Здесь меня, вероятно, поправят: упомянут о «проверке временем», каковую выдержали «Анна Каренина» и «Кукла» и не выдержали «Ключи счастья» и «Прокаженная». И вообще (слышу я голос читателя) кощунственно даже сравнивать: популярность популярности рознь.
Все это так, но сравниваем не мы с вами, читатель, сравнивают «горничные». И в «Мадам Бовари» и в «Анне Карениной» они вычитывают прежде всего «роковую любовь». Саму схему, сами перипетии этой любви. А эта схема и эти перипетии (взятые сами по себе), по сути, идентичны.
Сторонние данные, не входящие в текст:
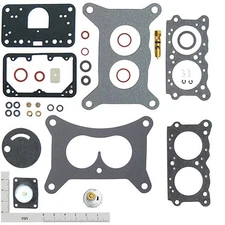 Walker Products 15129 Complete Carburetor Repair Kit Free Shipping
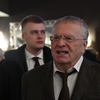 Жириновский предложил устроить в Украине голосование по Крыму
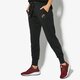 Moteriškos kelnės NIKE KELNĖS W NSW RALLY PANT REG AIR 931870-010 spalva juoda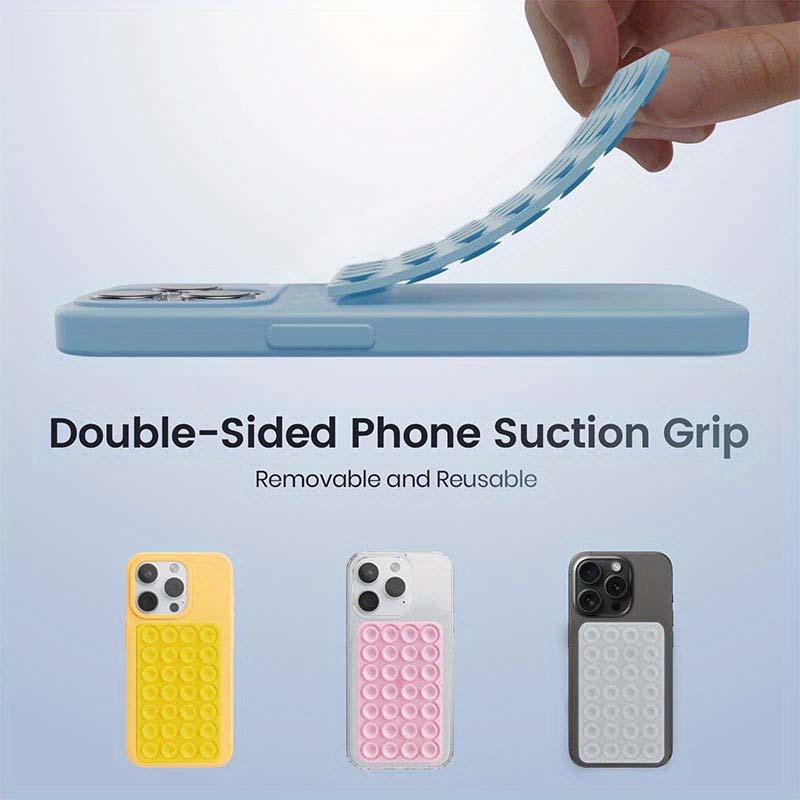 Silicone Suction Cup Phone Sta - đánh giá và giá Phone Cases Holder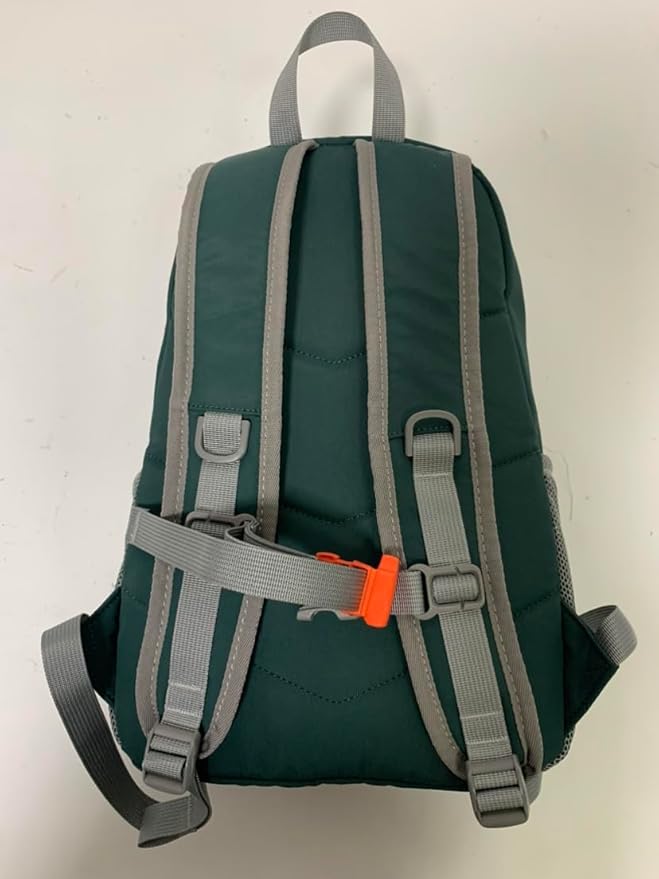 WATERFLY 12L Small Hiking Backpack: Day Pack Lightweight Travel Bag Camping Fitness Cycling Outdoor
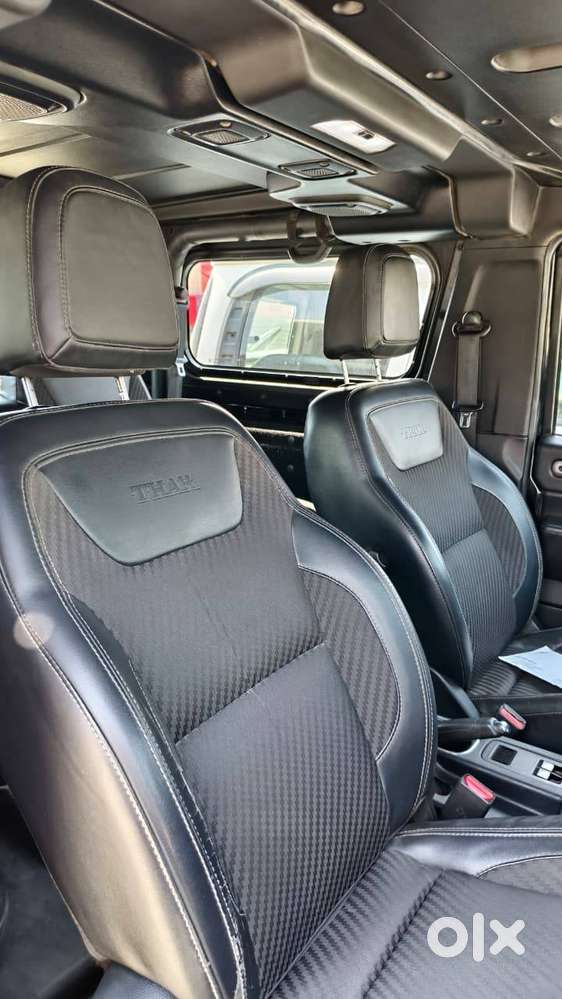 2022 Mahindra Thar Lx D Mt 4wd 4-seater Hard Top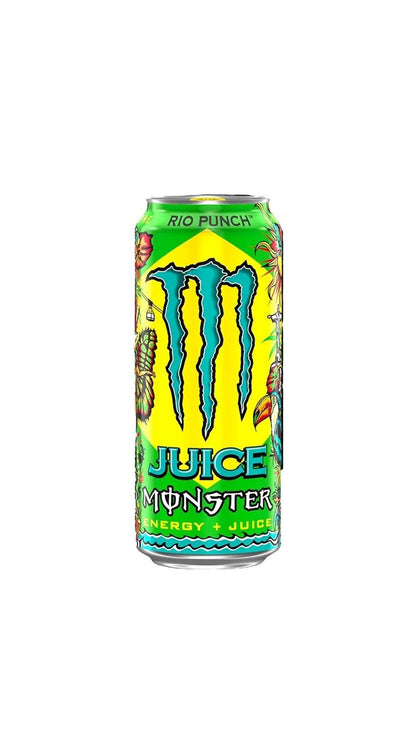 Monster Energy - 24/16oz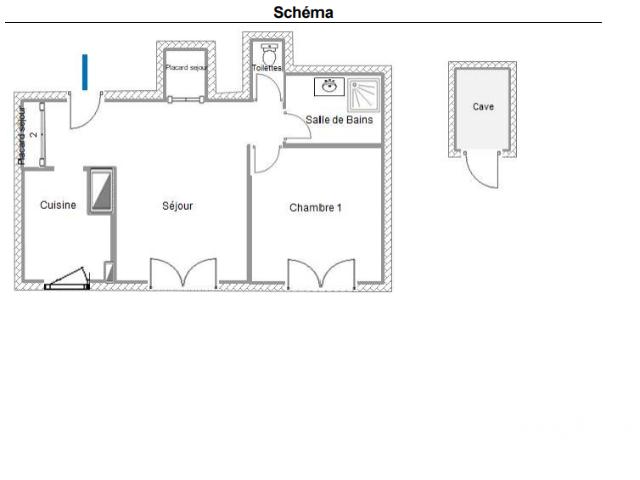 Appartement vente à La Varenne Saint-Hilaire, Saint-Maur-des-Fossés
И в «Роковой любви», и в «Прокаженной», и в «Кукле». Нелишне, вероятно, добавить, что в одном случае схемой и перипетиями все и исчерпывается, в другом — они не более чем костяк, несущая конструкция.
Все это необходимо иметь в виду по двум причинам. Во-первых: «горничные» встречаются и среди зрителей. И, во-вторых: сама киноадаптация столь многоплановых романов, как «Кукла» или «Анна Каренина», неизбежно ведет к большему или меньшему обнажению того, что я назвал их несущей конструкцией.
В «Кукле» множество сталкивающихся, переплетающихся между собой сюжетных линий и соответственно множество персонажей, чьи судьбы так или иначе связаны с судьбою главного героя. Очень многое из этого множества в фильме сохранено, хотя судьбы исчезли, а линии превратились в знаки.
Сохранилась в фильме, например, девушка-прости*утка, которую Вокульский встретил в костеле, уговорил оставить стезю порока, помог обучиться швейному делу. Все это, разумеется, в чисто филантропических целях. Первая встреча Вокульского с девушкой — в фильме и единственная. Выйдя из костела, он идет вслед за ней по той части города, которая примыкает к берегу Вислы. Путь их лежит через свалку: горы мусора, нечистоты, обглоданный конский скелет, развалившиеся хибары, грязные дети в лохмотьях, пьяницы, нищие...
Грандиозная кинематографическая фреска — образ человеческого горя, отчаяния, нищеты. Этот долгий молчаливый проход зритель ставит в связь и с самыми первыми кадрами ленты, где тоже возникала свалка с нечистотами, и со многими другими эпизодами, где еще и еще раз на экране мусор, помои, гниющие отбросы: страшный мир, грязный мир, мертвый мир — один из пластических лейтмотивов картины.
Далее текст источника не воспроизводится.